====== AVAILABLE RECORDS ======
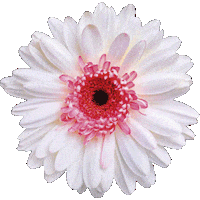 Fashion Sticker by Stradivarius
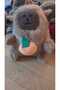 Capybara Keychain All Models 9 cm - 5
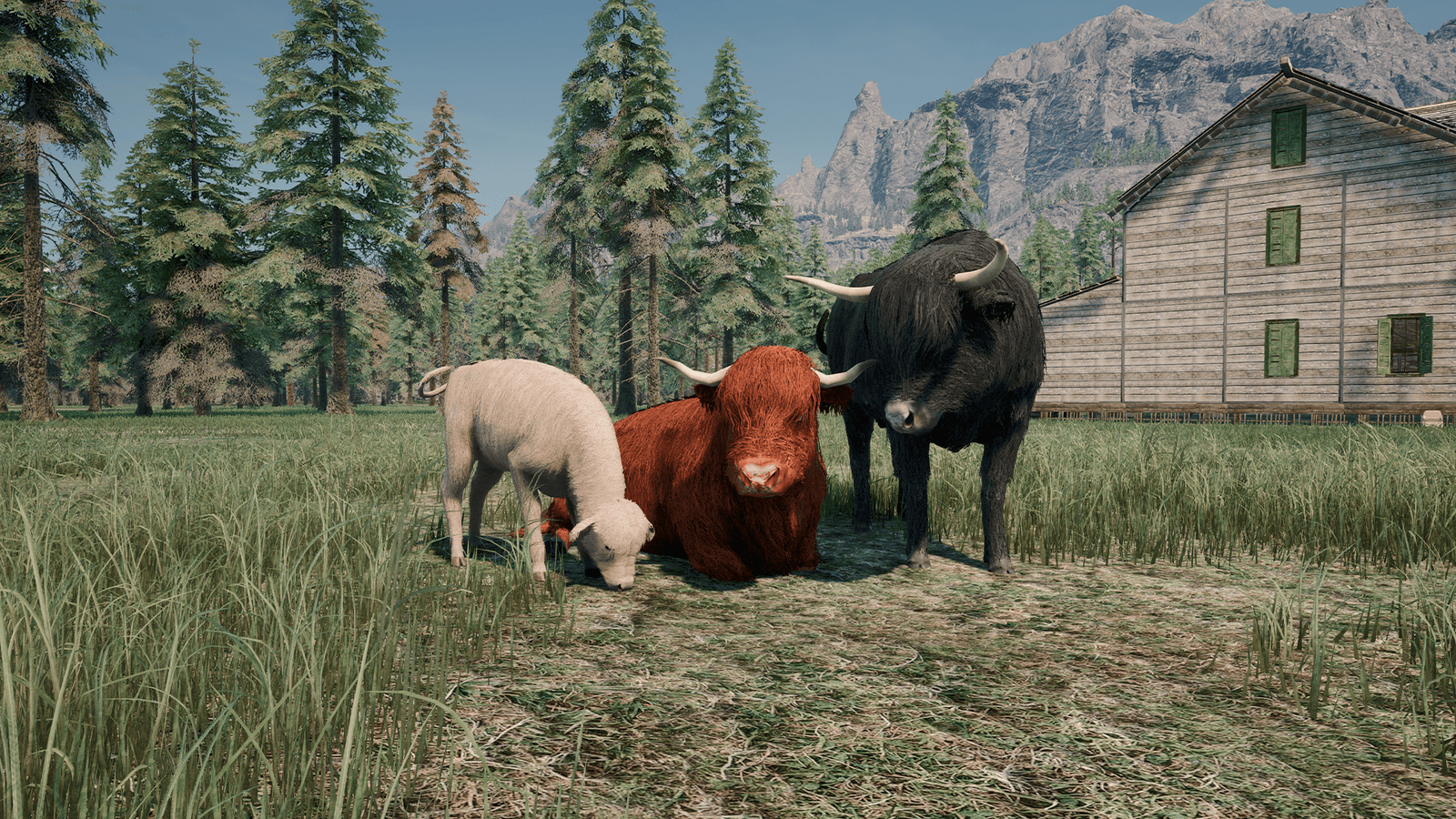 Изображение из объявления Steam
======
====== AVAILABLE RECORDS ======
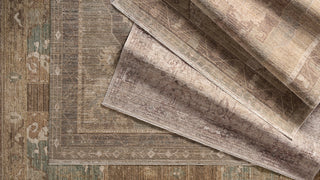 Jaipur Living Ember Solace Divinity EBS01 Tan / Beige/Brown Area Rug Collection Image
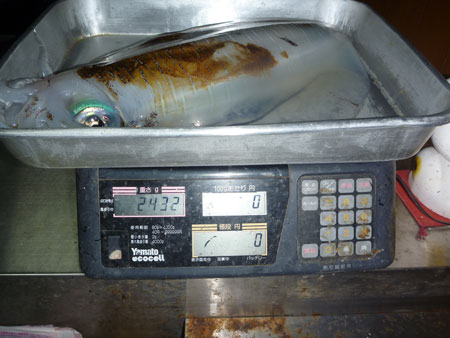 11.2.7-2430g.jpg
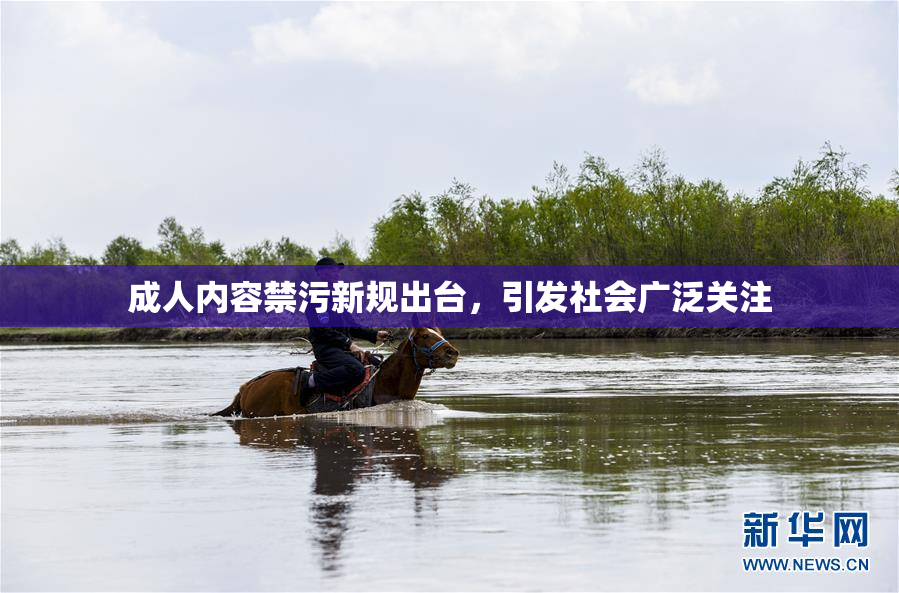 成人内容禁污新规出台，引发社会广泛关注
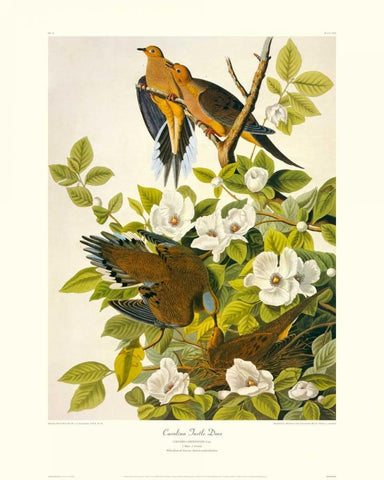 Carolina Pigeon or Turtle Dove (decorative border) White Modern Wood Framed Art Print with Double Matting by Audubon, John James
======
**WORK TO COMPLETE**
Of the records above, print only the lines from the one containing "Jaipur Living Ember" through the one containing "Carolina Pigeon or", inclusive and unaltered, leaving out pictures.

**SOLUTION TO THE PROBLEM**
 Jaipur Living Ember Solace Divinity EBS01 Tan / Beige/Brown Area Rug Collection Image
 11.2.7-2430g.jpg
 成人内容禁污新规出台，引发社会广泛关注
 Carolina Pigeon or Turtle Dove (decorative border) White Modern Wood Framed Art Print with Double Matting by Audubon, John James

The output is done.